(Beginning of DATASET RECORDS)

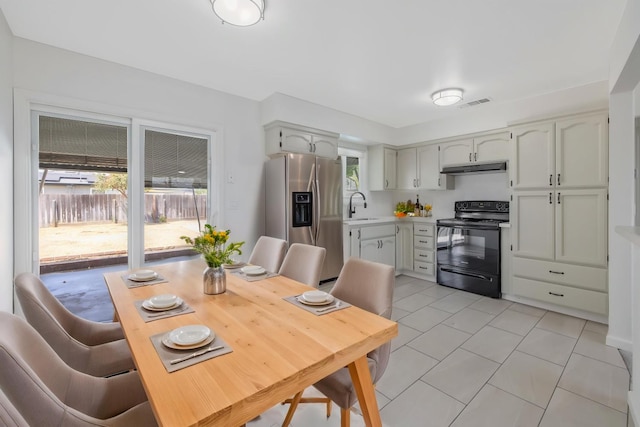 955 W San Gabriel Ave, Clovis, CA 93612 - dining area with plenty of natural light and light tile patterned floors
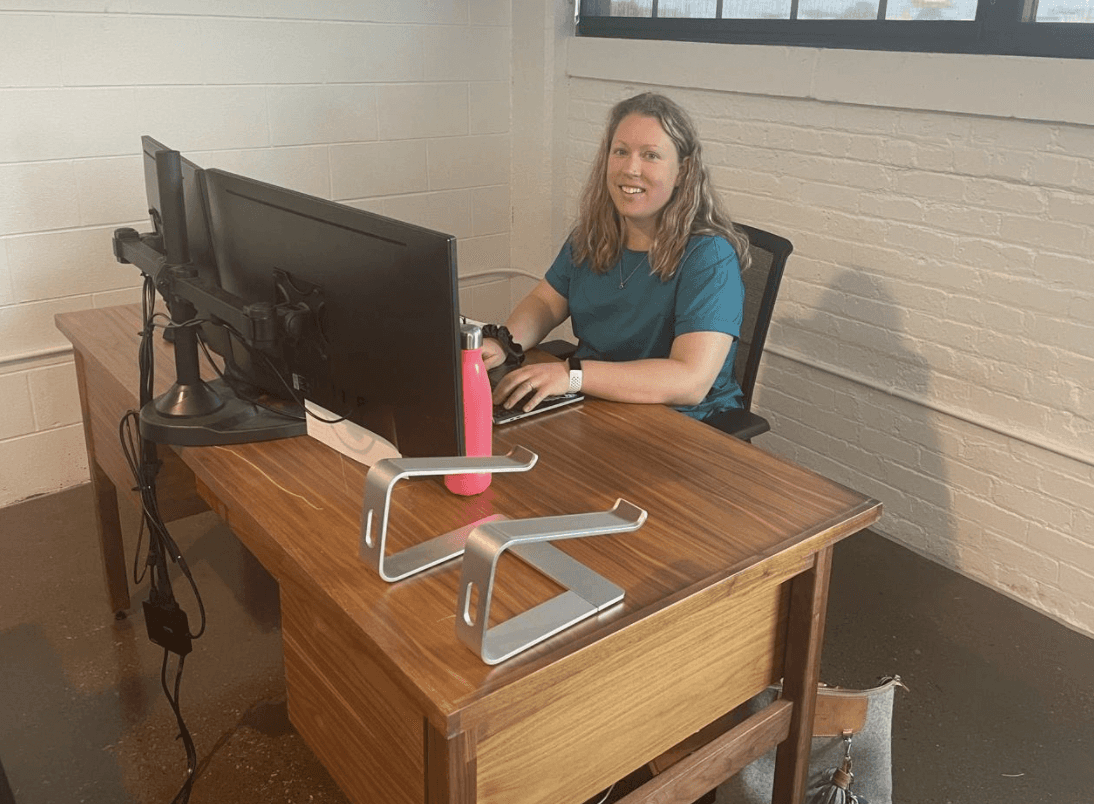 A person sitting at a desk with a large monitor, looking towards the camera, in a well-lit room.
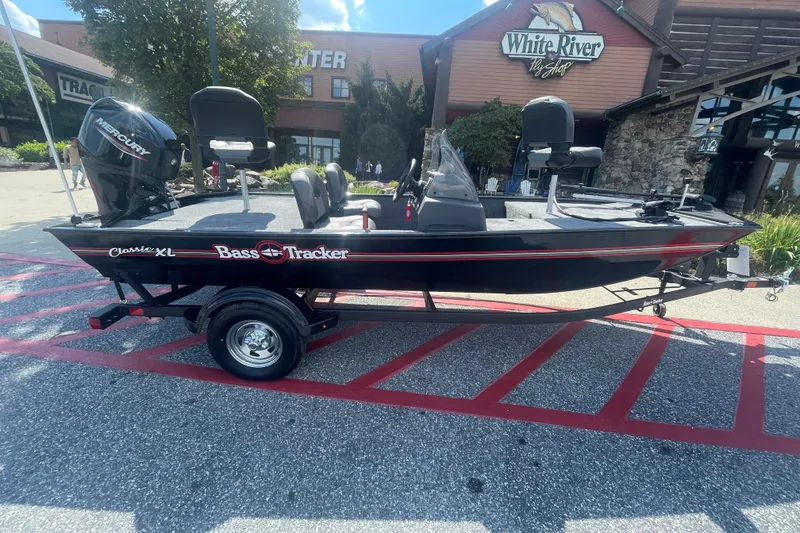 The Image of 2026 Tracker Bass Tracker Classic XL boat on display outside a showroom. - 0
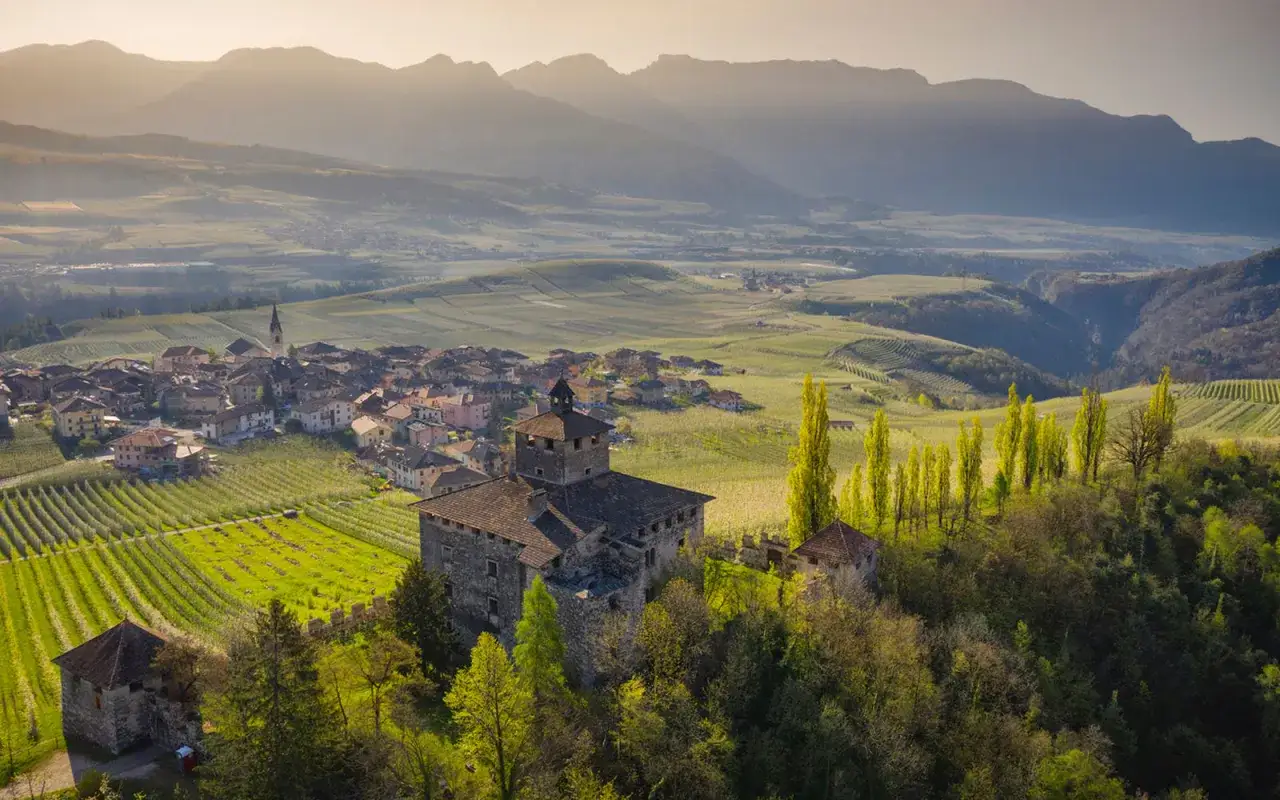 Un borgo pittoresco nel Val di Non, con un castello in primo piano, vigneti rigogliosi e montagne sullo sfondo.
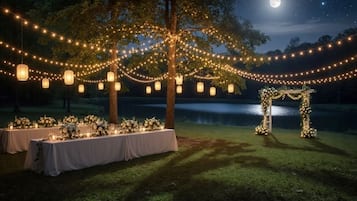 An outdoor wedding setup with string lights, lanterns, and floral arrangements under a night sky.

(End of DATASET RECORDS)

### WHAT IS BEING ASKED
Reproduce only the lines of the records from the start up to and including the line that holds "Un borgo pittoresco"; do not carry over any picture.

### COMPLETED TASK
 955 W San Gabriel Ave, Clovis, CA 93612 - dining area with plenty of natural light and light tile patterned floors
 A person sitting at a desk with a large monitor, looking towards the camera, in a well-lit room.
 The Image of 2026 Tracker Bass Tracker Classic XL boat on display outside a showroom. - 0
 Un borgo pittoresco nel Val di Non, con un castello in primo piano, vigneti rigogliosi e montagne sullo sfondo.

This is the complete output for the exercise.